Adegbohungbe received a Nigerian government scholarship for postgraduate training in geophysics at Imperial College, London. She was awarded her MSc degree in 1963, and in the same year she joined the staff of the Department of Physics at University of Ife, Nigeria. Her research specialism was magnetometry, and her first publication ‘Two-component proton precession magnetometer for use in the equatorial zone’ appeared in the Journal of Geophysical Research in March 1967. Around this time she was engaged in PhD research again at Imperial College London, being awarded her doctorate in 1968, joining then the staff of the University of Ibadan in Nigeria.

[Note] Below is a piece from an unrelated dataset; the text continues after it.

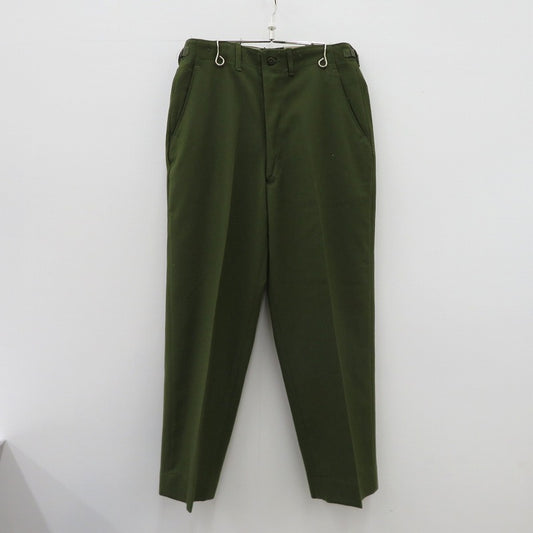 MILITARY衣料 | ミリタリーイリョウ U.S.ARMY/M-1951 wool trousers パンツ 55-T-35650-40 カーキ サイズ：S【瀬戸大橋店】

== Conference presentations ==
Already present in the UK, Adegbohungbe attended the Second International Conference of Women Engineers and Scientists (ICWES) held in Cambridge in 1967, to present her research as it related to Nigeria's broader imperatives for national development. Her paper "Application of Physics to Some Economic problems in Nigeria" was presented in the second part of the conference ‘Food Enough For Everyone’ which addressed the growing international food supply crisis then arising from rapid global population growth. Spelling out Nigerian government policy that the key to greater food supply was increased overall national wealth, she pointed to Nigeria’s mineral resources as a means to generate the necessary industrialisation. Adegbohungbe thus explained how her expertise in magnetometers could be deployed to locate iron ore for future mining projects. She concluded: "Nigerian scientists, therefore, must make their own contributions in their various fields of learning and research, to the economic progress of the country." A picture of her at the conference banquet, alongside fellow Nigerian physicist Deborah Ajakaiye, was published in The Woman Engineer's report of the conference in July 1967. At the end of the conference she was nominated to sit on the committee chaired by Isabel Hardwich, developed to ensure that a third ICWES conference would take place, alongside Mahin Rahmani, Dorothy Mizoguchi, Bilge Özgüner and Angelina Perez Lopez.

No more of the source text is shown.